Query Information
PPL Command/Query:
source=bounty-numbers | rename value as val | dedup category | fields category, val
Expected Result:
val should retain original value data after rename + dedup:
{
"datarows": [["A", 10.5], ["B", 100.0], ["C", 50.0]]
}
Actual Result:
All val values are null.
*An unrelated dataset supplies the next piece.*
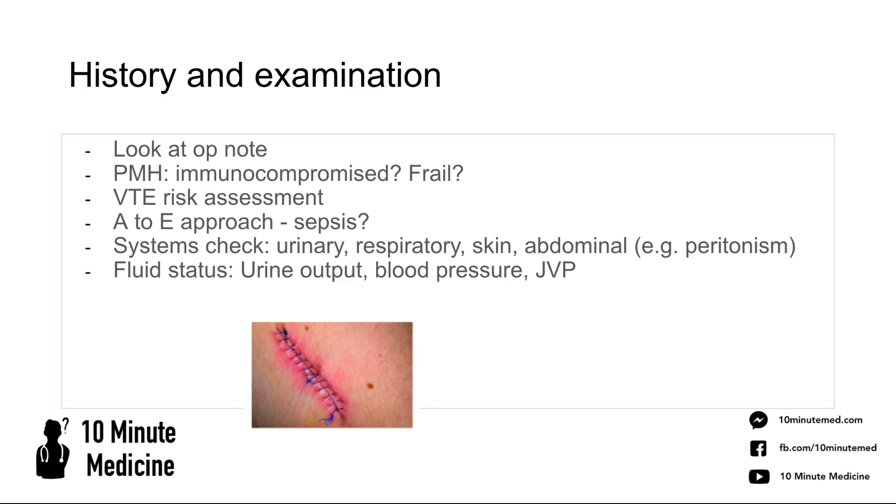Once you've ruled out that they don't need immediate resuscitation, do a systems check: listen to their chest, check their urine output, look at their skin for any evidence of a line or wound infection, and do an abdominal exam checking for peritonism — especially in post-op general surgical patients who may have had a bowel operation, predisposing them to an anastomotic leak. Look at the patient's fluid status: good markers include objective urine output, blood pressure, heart rate, and whether their JVP is raised, as this informs how aggressively you'll resuscitate them.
The dedup correctly filters by category but nullifies the renamed field:
{
"datarows": [["A", null], ["B", null], ["C", null]]
}
Dataset Information
Dataset/Schema Type
Index Mapping
{
"mappings": {
"properties": {
"count": {"type": "integer"},
"category": {"type": "keyword"},
"subcategory": {"type": "keyword"},
"value": {"type": "double"},
"ts": {"type": "date"}
}
}
}
Sample Data
{"count":1,"category":"A","subcategory":"X","value":10.5,"ts":"2024-01-01"}
{"count":2,"category":"A","subcategory":"Y","value":20.3,"ts":"2024-01-02"}
{"count":10,"category":"B","subcategory":"X","value":100.0,"ts":"2024-01-03"}
{"count":5,"category":"C","subcategory":"Z","value":50.0,"ts":"2024-01-04"}
Bug Description
Issue Summary:
When a field is renamed via the rename command and a subsequent dedup command operates on a different field, the renamed field returns null values. More broadly, ANY field whose project name differs from the original index field name (via rename or eval column reference) becomes null after dedup aggregation pushdown. The dedup correctly deduplicates by the specified field, but all non-dedup fields with mismatched names produce null.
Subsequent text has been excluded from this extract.